Blog 29 avril 2026 11 min de lecture

J’ai eu mes Règles 2 Fois en 15 Jours : Pourquoi et Quand Consulter ?

    Vous avez eu vos règles deux fois en 15 jours et ça vous inquiète ? C’est une situation fréquente et pas toujours grave.

    Ce guide vous aide à comprendre les causes et à savoir quand consulter un professionnel.

    Vraies règles ou spotting ? Le tableau pour faire la différence

    La première chose à faire est de savoir si vous avez affaire à de vraies règles ou à du « spotting ». Ce sont des saignements légers qui arrivent entre les cycles.

    Le spotting n’est pas la même chose que des menstruations. Il ne signifie pas la fin d’un cycle menstruel. Utiliser ce tableau vous aidera à y voir plus clair en quelques secondes.

    Critère Vraies Règles Spotting (Saignements Intermenstruels)
    Durée Entre 3 et 7 jours en moyenne. Souvent 1 à 2 jours, parfois quelques heures.
    Intensité du flux Le flux est progressif : léger au début, plus abondant, puis diminue. Très léger, quelques gouttes ou traces seulement.
    Couleur Rouge vif au moment le plus fort, puis vire au brun en fin de règles. Généralement rosé ou brunâtre, car le sang est moins abondant.
    Caillots de sang Possibles, surtout les jours de flux abondant. Très rares ou totalement absents.
    Symptômes associés Souvent accompagné de crampes, fatigue, ou tensions dans les seins. En général, aucun autre symptôme n’est présent.
    Protection nécessaire Une protection est obligatoire (tampon, serviette, culotte). Un simple protège-slip suffit, voire rien du tout.

    Les 9 causes principales de règles deux fois par mois

    Si vos saignements correspondent bien à des règles, plusieurs raisons peuvent l’expliquer. La plupart sont liées à des changements hormonaux. Il est rare qu’elles cachent un problème grave, mais il faut rester attentive.

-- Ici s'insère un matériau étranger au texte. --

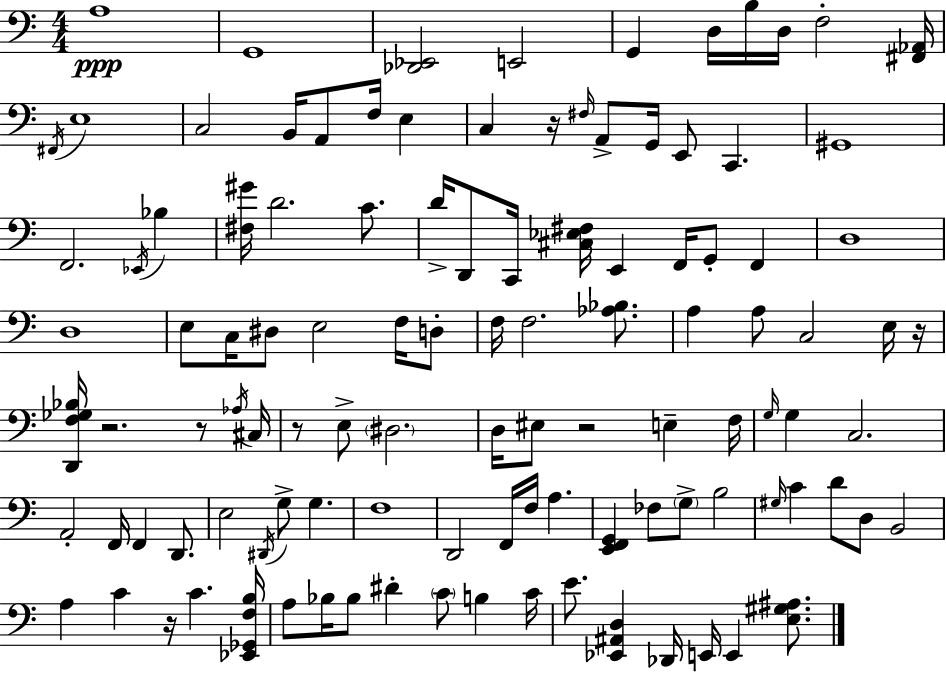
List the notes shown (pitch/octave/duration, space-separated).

A3/w G2/w [Db2,Eb2]/h E2/h G2/q D3/s B3/s D3/s F3/h [F#2,Ab2]/s F#2/s E3/w C3/h B2/s A2/e F3/s E3/q C3/q R/s F#3/s A2/e G2/s E2/e C2/q. G#2/w F2/h. Eb2/s Bb3/q [F#3,G#4]/s D4/h. C4/e. D4/s D2/e C2/s [C#3,Eb3,F#3]/s E2/q F2/s G2/e F2/q D3/w D3/w E3/e C3/s D#3/e E3/h F3/s D3/e F3/s F3/h. [Ab3,Bb3]/e. A3/q A3/e C3/h E3/s R/s [D2,F3,Gb3,Bb3]/s R/h. R/e Ab3/s C#3/s R/e E3/e D#3/h. D3/s EIS3/e R/h E3/q F3/s G3/s G3/q C3/h. A2/h F2/s F2/q D2/e. E3/h D#2/s G3/e G3/q. F3/w D2/h F2/s F3/s A3/q. [E2,F2,G2]/q FES3/e G3/e B3/h G#3/s C4/q D4/e D3/e B2/h A3/q C4/q R/s C4/q. [Eb2,Gb2,F3,B3]/s A3/e Bb3/s Bb3/e D#4/q C4/e B3/q C4/s E4/e. [Eb2,A#2,D3]/q Db2/s E2/s E2/q [E3,G#3,A#3]/e.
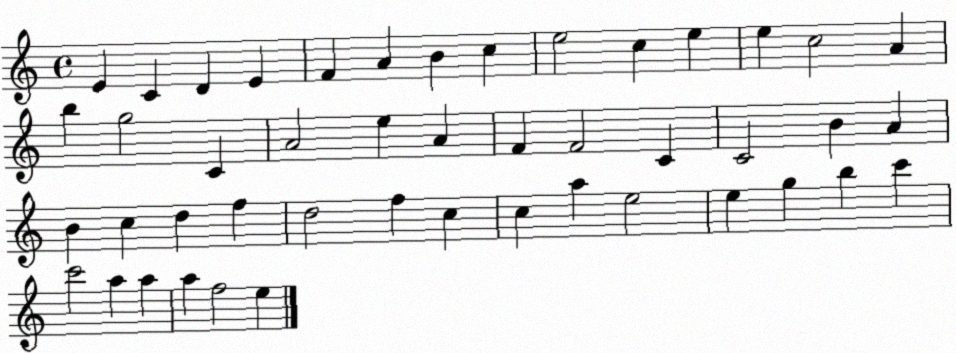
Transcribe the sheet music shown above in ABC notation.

X:1
T:Untitled
M:4/4
L:1/4
K:C
E C D E F A B c e2 c e e c2 A b g2 C A2 e A F F2 C C2 B A B c d f d2 f c c a e2 e g b c' c'2 a a a f2 e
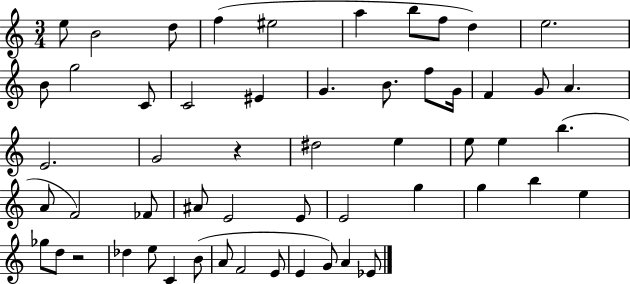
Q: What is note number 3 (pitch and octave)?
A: D5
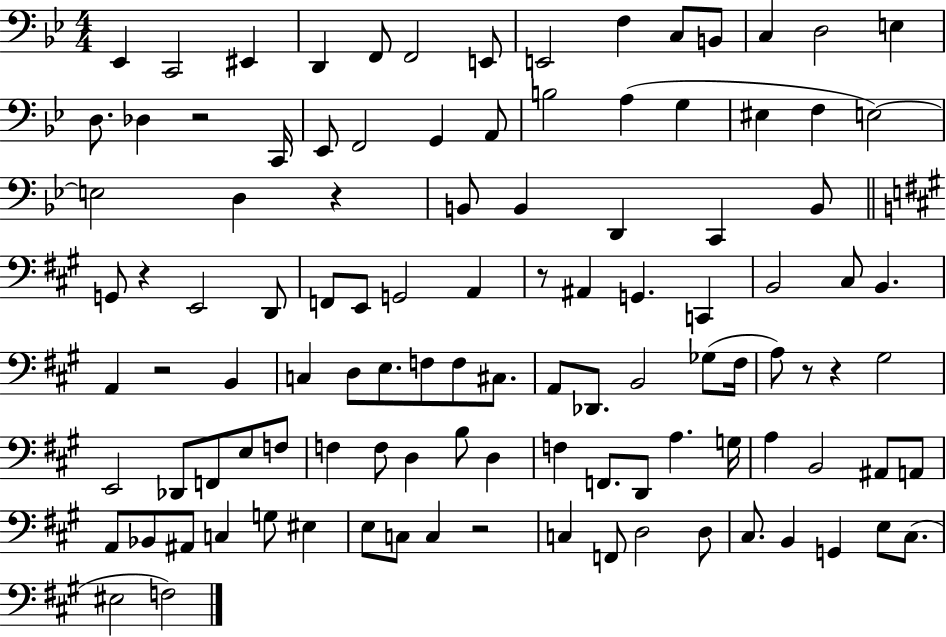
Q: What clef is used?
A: bass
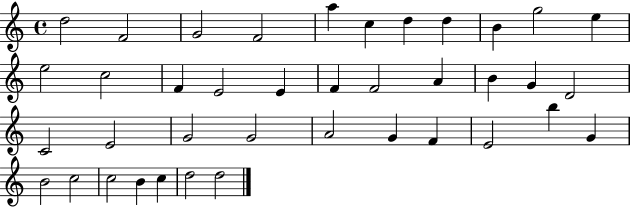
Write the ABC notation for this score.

X:1
T:Untitled
M:4/4
L:1/4
K:C
d2 F2 G2 F2 a c d d B g2 e e2 c2 F E2 E F F2 A B G D2 C2 E2 G2 G2 A2 G F E2 b G B2 c2 c2 B c d2 d2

    Voici les causes les plus communes pour des règles irrégulières ou rapprochées.

    1. Les périodes de transition hormonale : puberté et préménopause

    À la puberté, le corps d’une jeune femme met du temps à trouver son rythme. Les premiers cycles sont souvent irréguliers, parfois très courts, parfois très longs. Il est donc normal d’avoir ses règles deux fois dans le même mois durant cette période d’ajustement.

    À l’inverse, à la préménopause (la période avant la ménopause, vers 40-45 ans), les ovaires produisent les hormones de manière moins régulière. Cela peut provoquer des cycles plus courts et donc des règles plus fréquentes avant qu’elles ne s’espacent et ne disparaissent.

    2. Un cycle menstruel naturellement court

    Un cycle menstruel « normal » dure en moyenne 28 jours, mais chez certaines femmes, il est plus court. On considère un cycle court s’il dure entre 21 et 24 jours.

    Avec un cycle de 21 jours, il est mathématiquement possible d’avoir ses règles au début du mois, puis de nouveau à la fin. Ce n’est pas un dérèglement, c’est simplement votre rythme naturel. Tant que c’est régulier pour vous, il n’y a pas lieu de s’inquiéter.

    3. Le stress, le surmenage et les changements de rythme de vie

    Le stress a un impact direct sur vos hormones. Un pic de stress important (examen, deuil, déménagement) peut perturber l’ovulation. Le corps libère du cortisol, l’hormone du stress, qui peut avancer ou retarder l’ovulation.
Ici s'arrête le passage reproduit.